The case centered on ILVA’s failure to set deletion deadlines and procedures in an older IT system containing customer information, breaching GDPR’s requirement to delete personal data that is no longer necessary. ILVA operates as part of IDdesign, which owns several furniture and lifestyle brands, giving the case broader implications for group-based liability under European data protection law.
The case first went before the Court in Aarhus in 2021, which fined the company $14,000 (DKK 100,000). That ruling calculated the penalty based on ILVA’s own net revenue rather than the group’s overall turnover. Dissatisfied with the narrow interpretation, prosecutors appealed.
The matter escalated to the Court of Justice of the European Union (CJEU), which in February 2025 clarified that the term “undertaking” in GDPR must be interpreted consistently with EU competition law. This means fines should be calculated on the basis of a group’s total worldwide turnover, ensuring they are “effective, proportionate, and dissuasive.”
High Court’s Decision
Following the CJEU’s guidance, the Western High Court raised the penalty to $216,000 (DKK 1.5 million), in line with the Danish Data Protection Authority’s original recommendation.

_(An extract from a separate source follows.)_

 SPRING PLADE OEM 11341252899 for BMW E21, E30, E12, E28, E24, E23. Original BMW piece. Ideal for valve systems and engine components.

“This is a very important judgment because it helps to determine the practice for the level of fines for private companies,” said Cristina Angela Gulisano, Director of the Danish Data Protection Authority. “The judgment is also important because it establishes that management’s knowledge of actual circumstances—about processing that is in breach of data protection rules—makes it an intentional violation of the rules.”

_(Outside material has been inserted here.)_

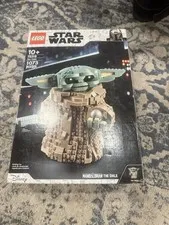 LEGO Star Wars The Child 75318 Grogu Baby Yoda Brand New Sealed Retired Set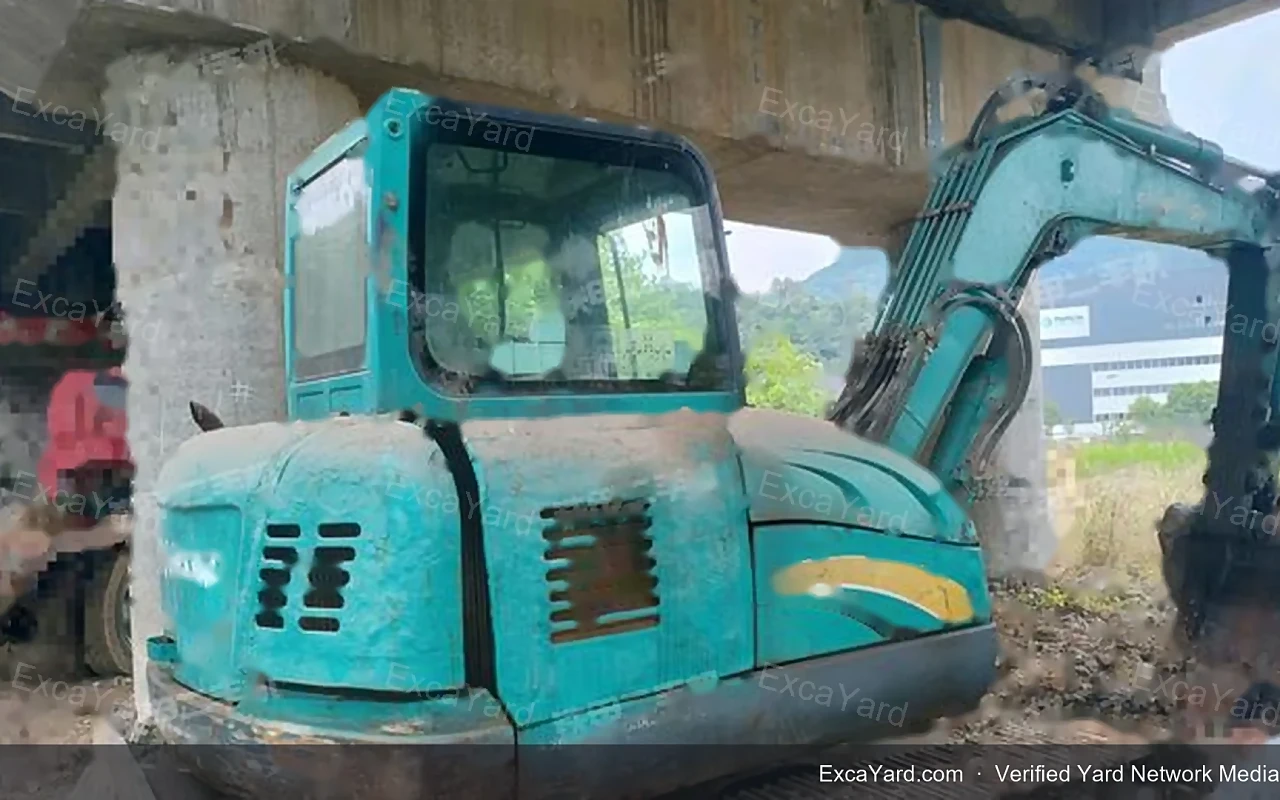2014 Sunward SWE70E Used Excavator — gallery view 10, used excavator available for export from China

The ruling underscores that GDPR fines in Denmark, and across the EU, will not be limited to the revenues of individual subsidiaries but can be pegged to the financial capacity of the entire corporate group. For businesses, this decision raises the stakes significantly in cases of intentional or negligent data protection violations.
The case began in 2018 when the Danish Data Protection Authority inspected ILVA. By June 2019, the regulator had filed a police report citing breaches of storage limitation rules. With the High Court’s ruling now finalized, ILVA may only seek permission from the Danish Court of Appeal to bring the matter before the Supreme Court.

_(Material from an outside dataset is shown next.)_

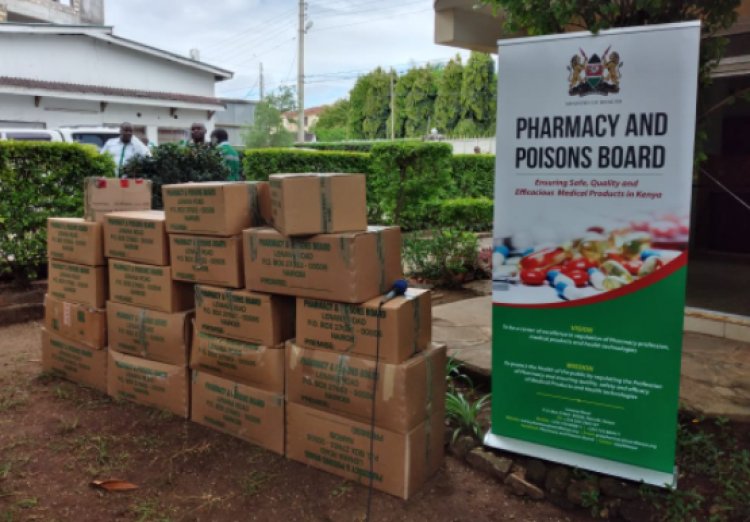 127 Pharmacies Shut Down While 70 Arrested During a Crackdown on Fake Medicine in Coast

The ruling carries weight well beyond ILVA. By confirming that fines can be calculated against a group’s global revenue rather than a single subsidiary’s turnover, the case broadens the enforcement risk landscape for multinationals operating under the GDPR. It further demonstrates the importance of robust data governance practices at both subsidiary and group levels, making clear that outdated systems or lax deletion procedures can expose entire corporate groups to significant financial penalties.